--- About this task ---
In the entries below, find the lines that contain the word "Palm" and copy them.

--- Task material ---

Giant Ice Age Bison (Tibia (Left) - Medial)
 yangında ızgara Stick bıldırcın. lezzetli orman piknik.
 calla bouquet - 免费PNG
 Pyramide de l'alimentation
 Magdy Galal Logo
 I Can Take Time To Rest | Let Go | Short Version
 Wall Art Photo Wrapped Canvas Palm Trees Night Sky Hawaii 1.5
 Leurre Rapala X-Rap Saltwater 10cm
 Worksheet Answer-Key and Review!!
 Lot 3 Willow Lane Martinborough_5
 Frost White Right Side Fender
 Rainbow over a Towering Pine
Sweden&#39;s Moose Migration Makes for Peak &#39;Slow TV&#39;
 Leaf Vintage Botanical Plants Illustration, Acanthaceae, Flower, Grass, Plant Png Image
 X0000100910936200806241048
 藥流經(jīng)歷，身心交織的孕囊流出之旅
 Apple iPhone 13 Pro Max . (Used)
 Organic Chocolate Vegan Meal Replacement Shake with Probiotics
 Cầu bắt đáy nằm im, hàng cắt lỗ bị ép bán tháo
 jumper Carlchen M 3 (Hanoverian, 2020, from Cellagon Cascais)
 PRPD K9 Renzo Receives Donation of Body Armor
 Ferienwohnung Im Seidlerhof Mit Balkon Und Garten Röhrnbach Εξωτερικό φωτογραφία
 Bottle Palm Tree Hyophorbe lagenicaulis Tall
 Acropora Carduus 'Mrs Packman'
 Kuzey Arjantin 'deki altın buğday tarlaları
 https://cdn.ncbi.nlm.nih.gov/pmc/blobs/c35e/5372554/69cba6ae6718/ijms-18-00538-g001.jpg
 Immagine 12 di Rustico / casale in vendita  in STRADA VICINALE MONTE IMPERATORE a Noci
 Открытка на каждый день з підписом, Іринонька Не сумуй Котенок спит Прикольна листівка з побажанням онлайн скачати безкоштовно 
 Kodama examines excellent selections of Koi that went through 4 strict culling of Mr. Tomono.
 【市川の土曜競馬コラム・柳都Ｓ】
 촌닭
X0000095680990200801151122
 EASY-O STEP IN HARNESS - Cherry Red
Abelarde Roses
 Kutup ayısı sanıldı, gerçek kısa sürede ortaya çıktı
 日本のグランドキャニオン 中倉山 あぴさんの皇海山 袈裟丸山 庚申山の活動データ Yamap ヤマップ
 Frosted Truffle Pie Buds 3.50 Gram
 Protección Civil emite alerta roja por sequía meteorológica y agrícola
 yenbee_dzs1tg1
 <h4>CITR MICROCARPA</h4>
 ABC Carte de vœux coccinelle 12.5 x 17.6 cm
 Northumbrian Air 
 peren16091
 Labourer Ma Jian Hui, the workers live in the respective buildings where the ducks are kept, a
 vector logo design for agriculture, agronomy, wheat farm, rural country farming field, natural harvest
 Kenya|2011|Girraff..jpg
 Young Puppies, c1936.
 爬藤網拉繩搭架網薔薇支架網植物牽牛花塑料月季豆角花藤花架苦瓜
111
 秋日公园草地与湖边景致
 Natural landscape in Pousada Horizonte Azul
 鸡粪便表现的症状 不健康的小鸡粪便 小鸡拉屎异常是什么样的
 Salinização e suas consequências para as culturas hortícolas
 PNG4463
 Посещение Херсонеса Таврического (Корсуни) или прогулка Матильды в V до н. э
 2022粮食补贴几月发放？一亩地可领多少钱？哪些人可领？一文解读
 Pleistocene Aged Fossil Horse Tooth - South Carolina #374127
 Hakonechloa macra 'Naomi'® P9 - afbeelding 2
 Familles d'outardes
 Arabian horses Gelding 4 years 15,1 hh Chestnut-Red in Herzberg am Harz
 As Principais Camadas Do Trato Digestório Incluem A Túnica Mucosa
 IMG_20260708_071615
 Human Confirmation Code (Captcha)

--- Answer section ---
 Wall Art Photo Wrapped Canvas Palm Trees Night Sky Hawaii 1.5
 Bottle Palm Tree Hyophorbe lagenicaulis Tall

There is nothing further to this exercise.